Flávio Aguiar e suas “reminiscências do futuro”
Daniel Garcia
Flávio no Sarau de 29/6

“Decididamente, é um livro de reminiscências. Mas são reminiscências do futuro, ou seja: reminiscências do desejo de futuro”. Assim o autor de Crônicas do Mundo ao Revés, professor aposentado de literatura brasileira Flávio Aguiar, definiu essa obra que foi, quase toda, escrita no exterior, mais precisamente em Berlim, onde ele fixou residência desde 2007. Apresentado e discutido no Sarau da Adusp de 29/6, o livro tem como um de seus temas fortes o período ditatorial iniciado em 1964.
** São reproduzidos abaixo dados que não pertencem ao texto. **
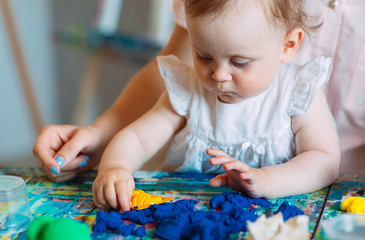 Mother and daughter playing with the kinetic sand.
A dureza e amargura dos anos vividos sob a Ditadura Militar parece explicar a designação das quatro partes de Crônicas do Mundo ao Revés, que compreendem ao todo dezenove narrativas: Tempos Difíceis, histórias ficcionais com fundo real; Palavras Difíceis, narrativas derivadas de determinados vocábulos, pronunciados ou não; Causos Difíceis, contos gauchescos; e Histórias Difíceis, casos reais.
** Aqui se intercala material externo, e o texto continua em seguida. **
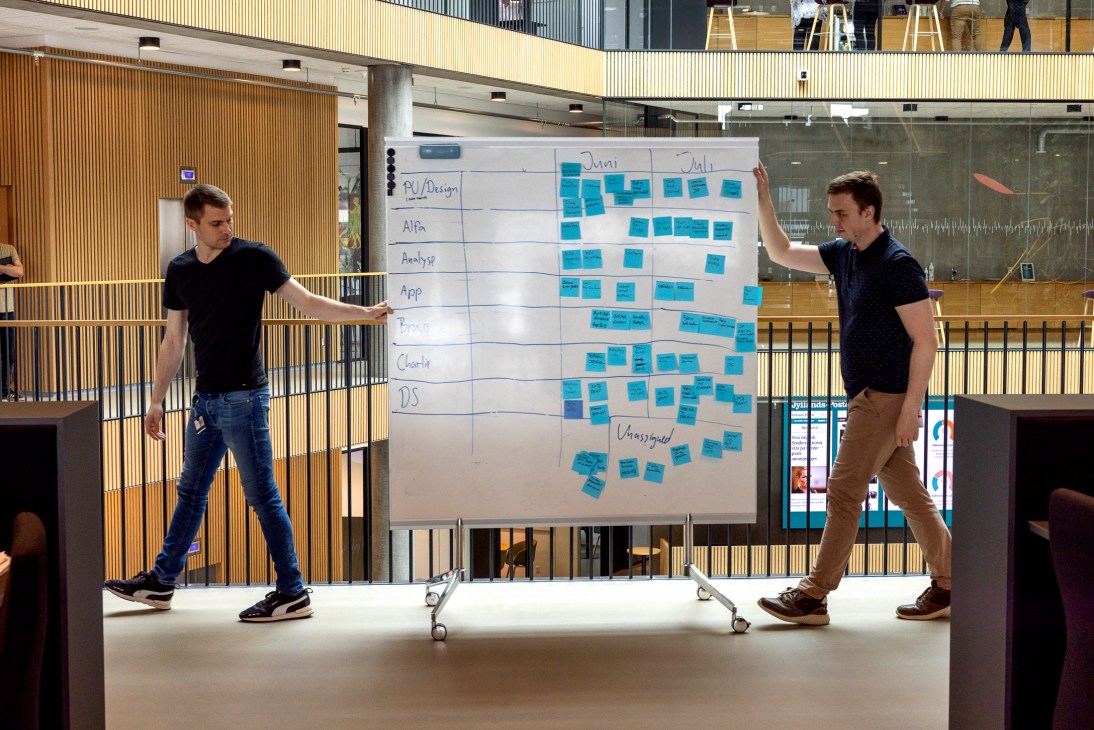 Two men move a mobile whiteboard covered in blue sticky notes through a modern office space with wooden features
O texto “Ai de ti, 64”, que abre a última parte, é uma homenagem ao tenente-coronel aviador Alfeu de Âlcantara Monteiro, assassinado por militares golpistas, em 1964, na Base Aérea de Canoas, que ele comandara anos antes. Na crise de 1961, quando os ministros militares tentaram impedir a posse de João Goulart na presidência (após a renúncia de Jânio Quadros), Alfeu aliou-se a Leonel Brizola e teve papel importante para evitar que Porto Alegre, centro da Rede da Legalidade, articulação pró-Jango, fosse bombardeada por aviões da FAB. Desse modo, o tenente-coronel aviador tornou-se um dos “heróis da adolescência” do autor.

Enigmas

Três das histórias tratam da família de Flávio. “São histórias de imigrantes, de gente que nunca vou saber quem são, mas que fazem parte do universo narrativo oral de minha família”. Um personagem marcante é seu avô, Sebastião Wolf, exímio atirador que se tornou integrante da equipe brasileira nas Olimpíadas de Antuérpia, em 1920, nas quais conquistou medalha de bronze; e cujo padrasto, também alemão, o notável cientista Hermann von Ihering, viveu e trabalhou no Rio Grande do Sul e chegou a ser diretor do Museu Paulista.
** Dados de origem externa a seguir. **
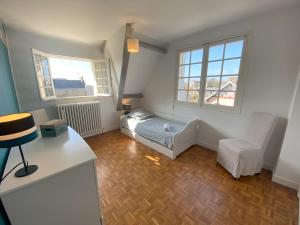 a room with a bed and a chair and windows at Le Moulin in Saint-Pair-sur-Mer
“Em todas as histórias existe uma questão central: o que não é narrado é tão importante quanto o que é narrado. Todas as narrativas conduzem mais a perguntas do que a respostas. Algumas perguntas não têm resposta e permanecem como enigmas, e essa é a graça da coisa. A resposta é a própria capacidade de formular perguntas”, explicou Flávio sobre o livro.

No debate, o autor comentou que a distância (espacial e temporal) “traz uma espécie de reminiscência da reminiscência: certas cores ficam mais carregadas, e outras, que eram mais carregadas, ficam mais esmaecidas”. Ressaltou que, por sua condição de jornalista, correspondente de publicações brasileiras, continua muito ligado ao Brasil, embora escreva sobre outros países, e vê com otimismo a sobrevivência, aqui, do pensamento crítico.

Bolonha

“A esquerda, em muitos lugares da Europa, virou uma reserva ecológica, na Universidade, por exemplo. A Universidade europeia hoje é devastada por aquilo que se chama Processo de Bolonha. É um processo pelo qual todas as grandes universidades da Europa passaram, que constituiu-se num grande consenso sobre a adequação das universidades europeias a padrões modernizantes, vamos chamar assim, o que significa enfiar goela abaixo os padrões norte-americanos de produtividade”.